• WORK TO COMPLETE:
Below is a listing to repeat exactly, with its pictures left out.

• MATERIALS PROVIDED:

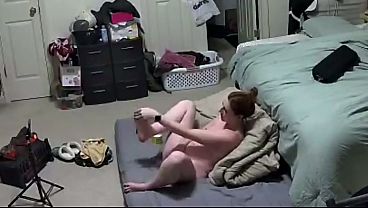MILF caught masturbating with BBC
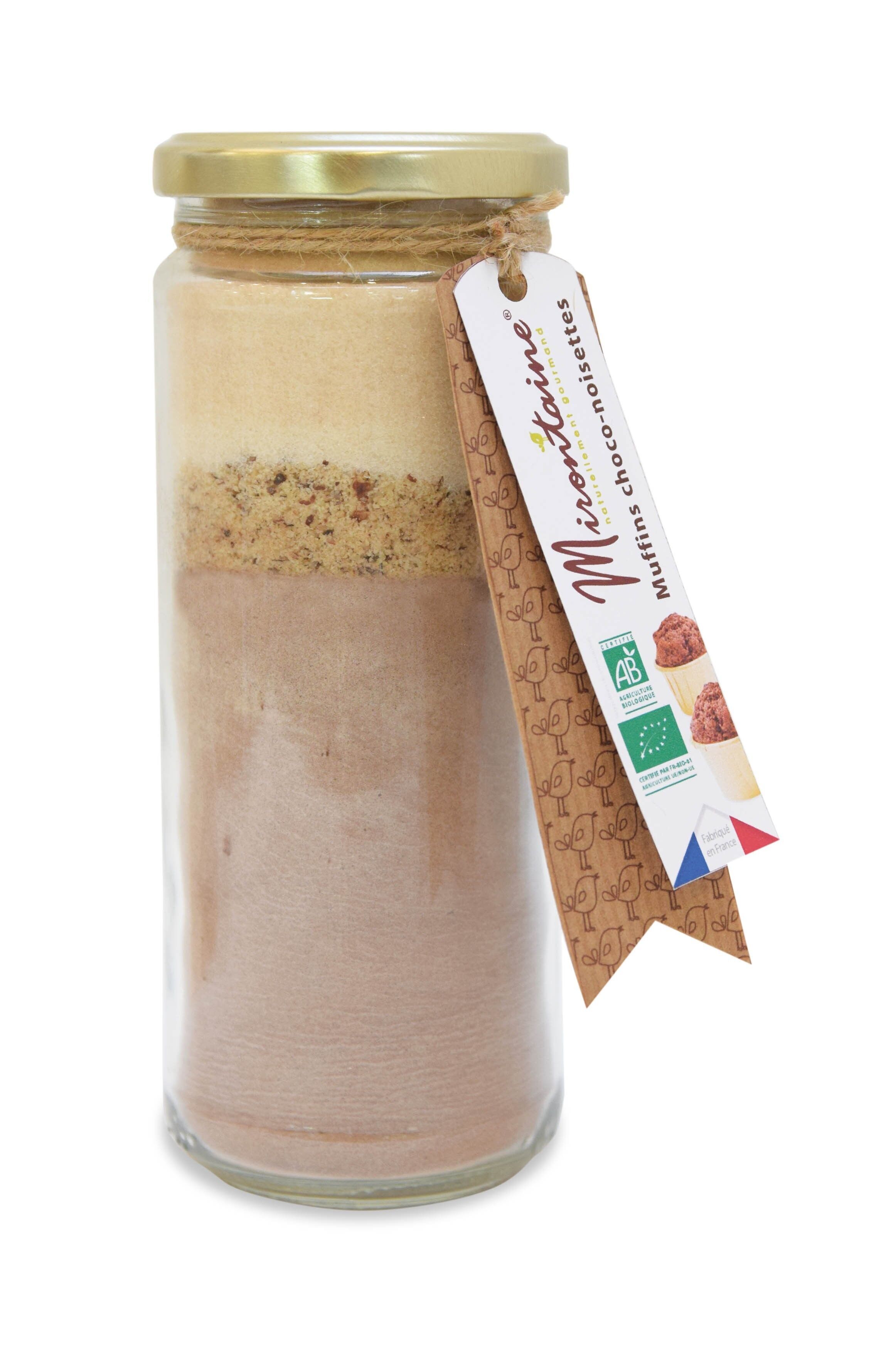 Glass jar mix "chocolate and hazelnut muffins" 340g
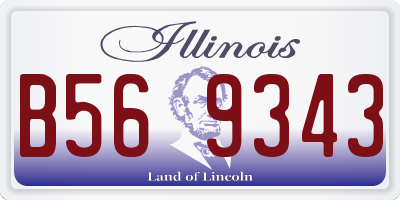 IL license plate B569343
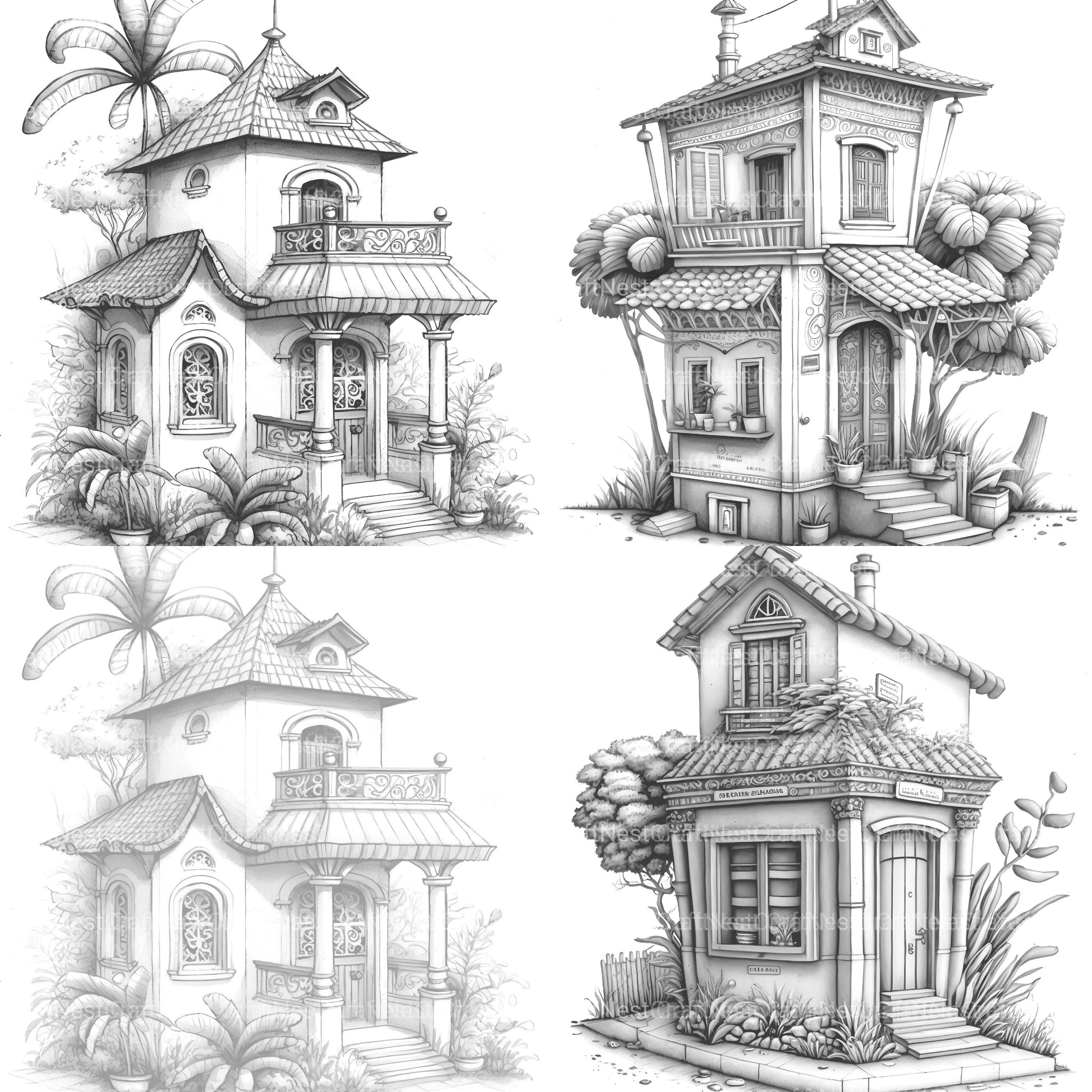 Chile Tiny House Coloring Book - CraftNest - Digital Crafting and Art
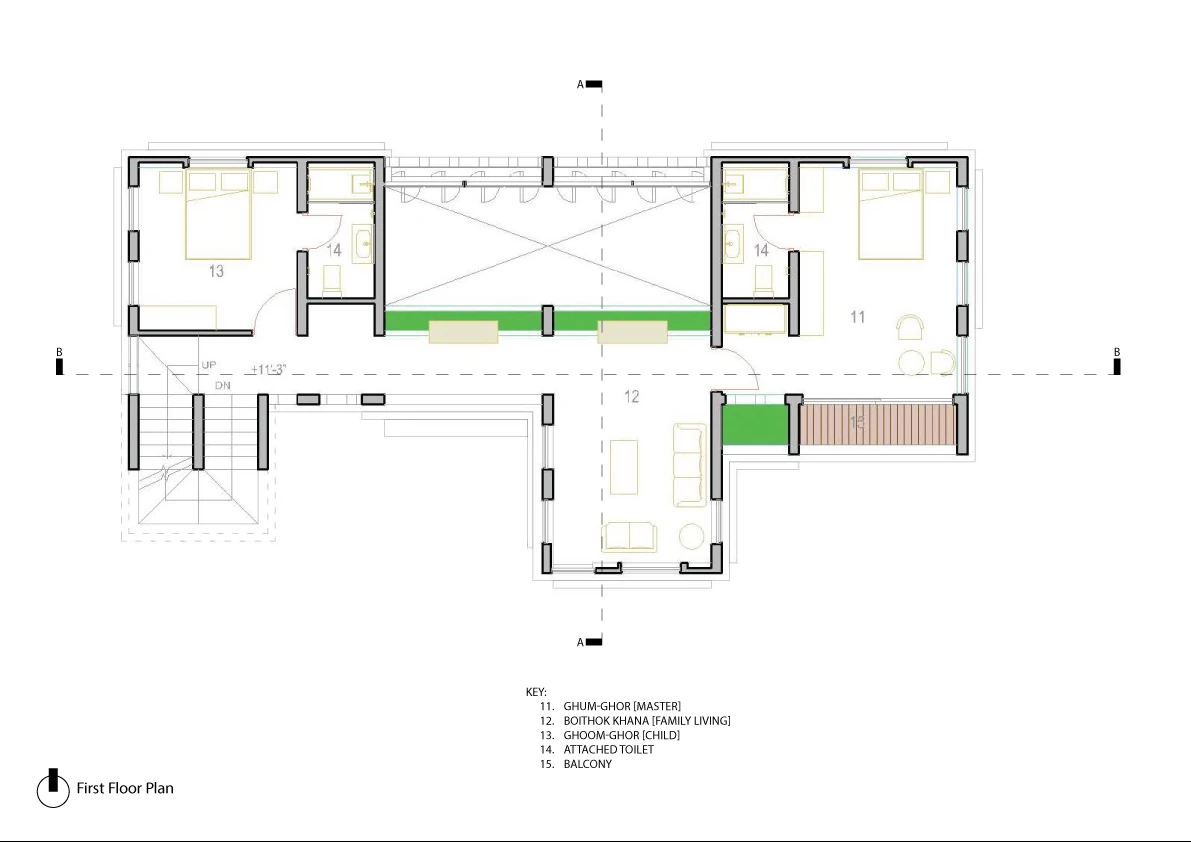 First floor plan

• PROBLEM SOLUTION:
MILF caught masturbating with BBC
 Glass jar mix "chocolate and hazelnut muffins" 340g
 IL license plate B569343
 Chile Tiny House Coloring Book - CraftNest - Digital Crafting and Art
 First floor plan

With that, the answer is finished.